While this could be implemented already with the existing kernel, there is a hardware structure available to do kernel invocations with a certain amount of threads in parallel, namely the streaming multiprocessors (SMs). The SMs are a second layer of parallelization. One block of threads is always mapped to one SM, so several blocks can be executed in parallel on several SMs. Unlike the number of threads per block, the number of blocks is unlimited and blocks are queued until a SM is free to work on it. In our case this has the following implication. Let's assume that the initial array size is  $n_{\text{Data}} = n \times 1024$ . Then one could use n blocks of 1024 threads

to do the first step of the outer reduction and use the full computational power of the GPU this way.

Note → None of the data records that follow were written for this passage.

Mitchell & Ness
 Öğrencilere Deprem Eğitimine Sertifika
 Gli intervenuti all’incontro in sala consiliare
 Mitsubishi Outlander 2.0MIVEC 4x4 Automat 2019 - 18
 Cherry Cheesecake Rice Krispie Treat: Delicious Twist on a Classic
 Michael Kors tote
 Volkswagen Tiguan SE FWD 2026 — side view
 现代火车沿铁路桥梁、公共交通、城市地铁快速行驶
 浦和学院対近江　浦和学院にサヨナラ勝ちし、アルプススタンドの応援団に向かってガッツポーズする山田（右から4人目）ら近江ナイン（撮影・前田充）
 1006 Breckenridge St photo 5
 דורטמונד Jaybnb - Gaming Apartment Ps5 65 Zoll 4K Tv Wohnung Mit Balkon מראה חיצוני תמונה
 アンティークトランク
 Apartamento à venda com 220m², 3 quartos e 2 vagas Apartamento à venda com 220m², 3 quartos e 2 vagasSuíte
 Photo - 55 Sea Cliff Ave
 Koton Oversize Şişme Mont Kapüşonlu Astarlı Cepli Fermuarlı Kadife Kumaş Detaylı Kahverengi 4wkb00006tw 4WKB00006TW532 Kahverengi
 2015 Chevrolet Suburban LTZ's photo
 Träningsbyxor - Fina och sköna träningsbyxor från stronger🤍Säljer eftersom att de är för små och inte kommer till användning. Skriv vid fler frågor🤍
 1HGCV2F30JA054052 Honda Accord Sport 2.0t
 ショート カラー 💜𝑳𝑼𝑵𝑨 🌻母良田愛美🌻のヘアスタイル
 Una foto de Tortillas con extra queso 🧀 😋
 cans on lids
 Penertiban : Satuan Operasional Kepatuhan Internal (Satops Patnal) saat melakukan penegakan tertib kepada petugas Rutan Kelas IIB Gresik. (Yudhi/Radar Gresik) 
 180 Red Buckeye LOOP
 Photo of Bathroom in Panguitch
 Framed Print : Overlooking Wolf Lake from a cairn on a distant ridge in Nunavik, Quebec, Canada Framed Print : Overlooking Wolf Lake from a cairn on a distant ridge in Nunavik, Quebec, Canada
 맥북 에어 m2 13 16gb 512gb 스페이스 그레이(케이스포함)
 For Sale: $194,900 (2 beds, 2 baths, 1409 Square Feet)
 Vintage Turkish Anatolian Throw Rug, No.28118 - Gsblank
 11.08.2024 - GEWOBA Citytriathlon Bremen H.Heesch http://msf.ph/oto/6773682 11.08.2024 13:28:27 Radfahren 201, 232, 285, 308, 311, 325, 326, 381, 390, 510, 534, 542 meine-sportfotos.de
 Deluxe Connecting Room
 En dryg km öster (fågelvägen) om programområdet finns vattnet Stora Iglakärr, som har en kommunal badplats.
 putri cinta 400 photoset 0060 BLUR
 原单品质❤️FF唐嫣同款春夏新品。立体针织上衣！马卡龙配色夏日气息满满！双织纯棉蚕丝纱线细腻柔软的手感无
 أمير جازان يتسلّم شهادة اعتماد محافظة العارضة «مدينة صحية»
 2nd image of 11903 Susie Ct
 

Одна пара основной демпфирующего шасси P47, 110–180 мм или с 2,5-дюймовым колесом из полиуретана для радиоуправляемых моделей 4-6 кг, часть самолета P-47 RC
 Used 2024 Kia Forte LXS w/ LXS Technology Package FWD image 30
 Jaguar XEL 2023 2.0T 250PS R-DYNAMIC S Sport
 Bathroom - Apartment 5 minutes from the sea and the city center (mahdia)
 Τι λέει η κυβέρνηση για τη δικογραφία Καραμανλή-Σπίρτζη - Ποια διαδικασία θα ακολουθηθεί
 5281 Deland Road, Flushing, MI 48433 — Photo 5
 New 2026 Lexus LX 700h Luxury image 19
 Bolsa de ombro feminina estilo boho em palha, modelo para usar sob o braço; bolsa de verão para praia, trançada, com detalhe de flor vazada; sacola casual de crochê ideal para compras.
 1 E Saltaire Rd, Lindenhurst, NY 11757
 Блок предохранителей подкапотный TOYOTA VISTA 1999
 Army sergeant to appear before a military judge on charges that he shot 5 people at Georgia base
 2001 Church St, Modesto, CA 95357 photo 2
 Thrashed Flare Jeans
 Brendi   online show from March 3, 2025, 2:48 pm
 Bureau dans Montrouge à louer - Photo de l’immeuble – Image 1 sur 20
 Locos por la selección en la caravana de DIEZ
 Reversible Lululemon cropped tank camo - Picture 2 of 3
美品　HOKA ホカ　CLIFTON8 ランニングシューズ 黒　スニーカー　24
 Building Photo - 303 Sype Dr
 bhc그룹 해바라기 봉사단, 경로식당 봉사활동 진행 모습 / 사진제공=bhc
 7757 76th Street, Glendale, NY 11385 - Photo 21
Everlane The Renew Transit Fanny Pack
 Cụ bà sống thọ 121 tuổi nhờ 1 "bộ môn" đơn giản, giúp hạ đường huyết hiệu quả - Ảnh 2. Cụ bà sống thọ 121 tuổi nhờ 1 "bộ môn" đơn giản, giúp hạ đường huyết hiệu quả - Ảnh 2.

This leaves us with a new problem, however. Namely, how does one calculate the position of the array one specific thread is supposed to work on? To this end, CUDA offers two more constants in the kernel: blockDim.x and blockIdx.x. The first one is simply the number of threads in a block and the second one is a unique identifier of the current block, ranging from 0 to  $n_{\text{Blocks}} - 1$ . The array position can then be calculated with threadIdx.x + blockIdx.x \* blockDim.x. The required amount of blocks for the kernel invocation can be calculated with rounding up division. This can be neatly done with  $n_{\text{Blocks}} = (n_{\text{Data}} + n_{\text{Threads}} - 1)/n_{\text{Threads}}$ , where the "/" denotes integer division.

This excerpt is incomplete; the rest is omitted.